Na curta aventura de Ofelia, acumulam-se inexoravelmente erros e danos, como se ela não tivesse apenas dez anos. Talvez porque sua alma não o tenha. Ela corre e finalmente adentra o labirinto. Mercedes, que fugiu depois de ter ferido o capitão, a procura. Ainda que lento e atrapalhado por causa do sonífero, fica claro que o capitão fatalmente alcançará a enteada. Irá encontrá-la no centro do labirinto, onde uma bizarra criatura está lhe propondo que derrame o sangue de um inocente, o bebê, para finalmente ser admitida no reino do Pai.

Ofelia lê o livro mágicoNeste momento do filme, começa dolorosamente a se separar a fantasia de Ofelia da realidade, que até então estiveram tão misturadas. Ofelia enxerga um fauno, com quem conversa, enquanto o capitão vê a louca filha da falecida esposa segurando seu filho. E há um terceiro ponto de vista, o do fauno, que tenta persuadir a criança a fazer o gesto que permitirá que tenha o que tanto sonhou.
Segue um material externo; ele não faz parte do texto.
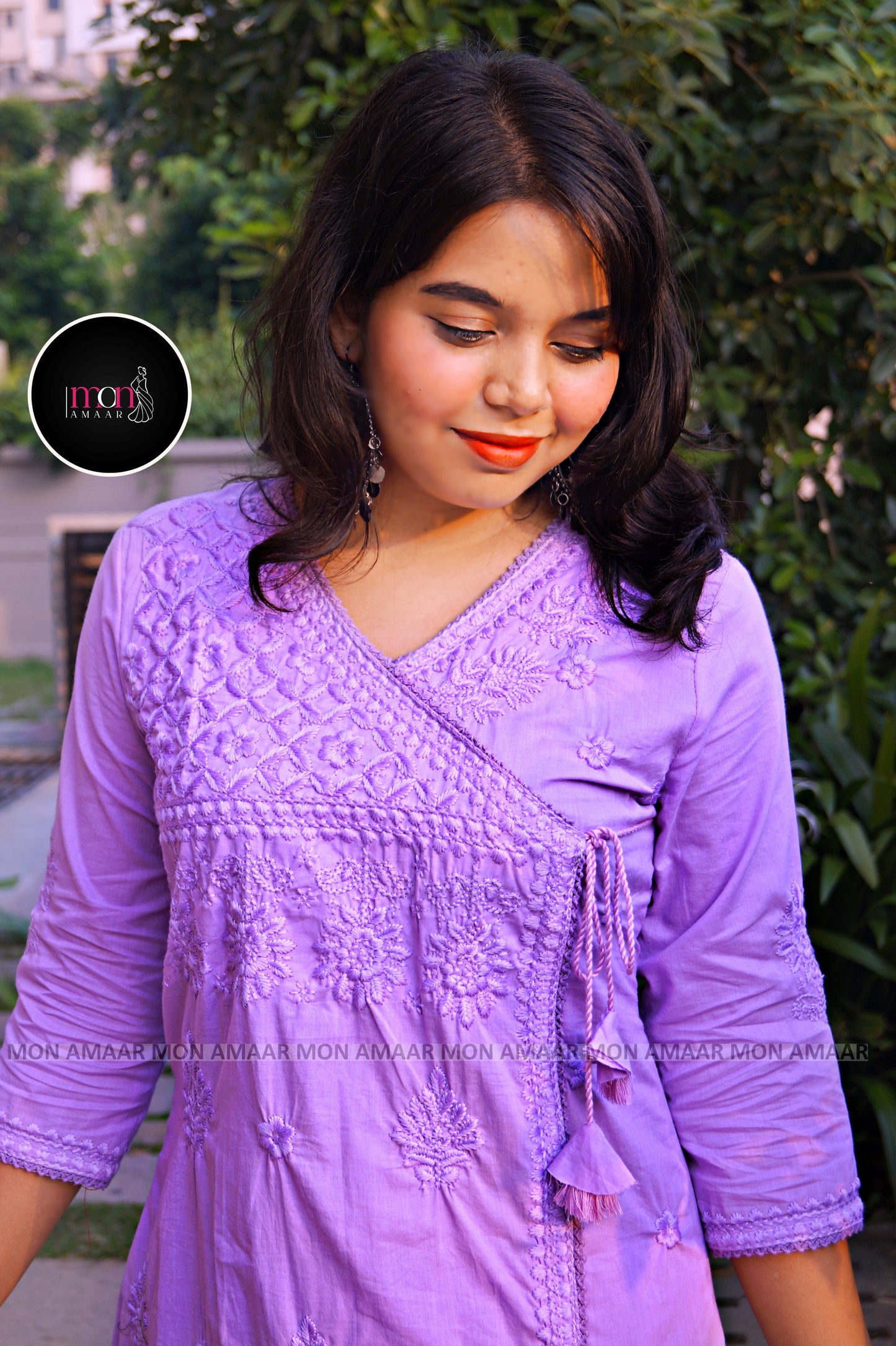 Chikankari Fun - Cotton Kurti Set(Lavender)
Esta longa cena termina com o capitão atirando na garota que fala sozinha e que roubou o seu filho.

Aparece o rosto pálido do início do filme. Um rosto que verte sangue pela boca e pela mão. A mão que aponta para um poço: o mundo subterrâneo que sempre acompanhou Ofelia, e para o qual ela desejou tanto ir. O vermelho vivo e quente contrasta com a morte petrificada nos seus olhos de criança.

O capitão escapa do labirinto, mas não de Mercedes, que o aguarda na saída, junto com seu grupo. Ele é obrigado a entregar o bebê, mas roga que contem ao menino quem foi seu pai. Mercedes nega seu último desejo e o mata. O ser humano que o habita aparece fugazmente neste fim, na surpresa e na fragilidade do esvair de sua vida, experimentando rapidamente o que fez aos outros tantas vezes na sua existência. Mercedes corre até Ofelia, mas já a encontra morta. Mais uma pessoa destruída em um tempo de arbitrariedades e loucura... Uma criança a quem amava e que confiava nela para ser resgatada.

O filme mostra Ofelia chegando em seu reino. Na realidade, somente a filha de um rei teria a nobreza de não matar um inocente. Foi o seu sangue inocente que descerrou as portas do ansiado paraíso. Antes de estar ali, Ofelia teria renunciado ao seu sonho e a sua vida por causa de um irmão que custou a sua mãe, a qual agora está ao lado do rei, o verdadeiro pai (Deixo a cargo dos leitores decifrar o significado do terceiro teste iniciático, posto que este artigo, afinado com Peixes, nem tudo revela). Eles cumprimentam a filha e a recebem. Enquanto isto, um corpo de menina jaz sem vida, vertendo sangue pela boca e pelas mãos...

Cabe a cada um acreditar se Ofelia criou um mundo próprio para se refugiar da dura realidade, e acabou morta pela fantasia ao tentar resgatar o irmão, ou se ela é mesmo a filha de um rei poderoso, para quem finalmente regressou. E o que é vida e o que é morte, afinal.

Uma plangente cantiga de ninar toca, ora velando o corpo sem vida de uma criança que tentou proteger o irmão, ora coroando a almejada chegada de uma princesa perdida ao seu reino.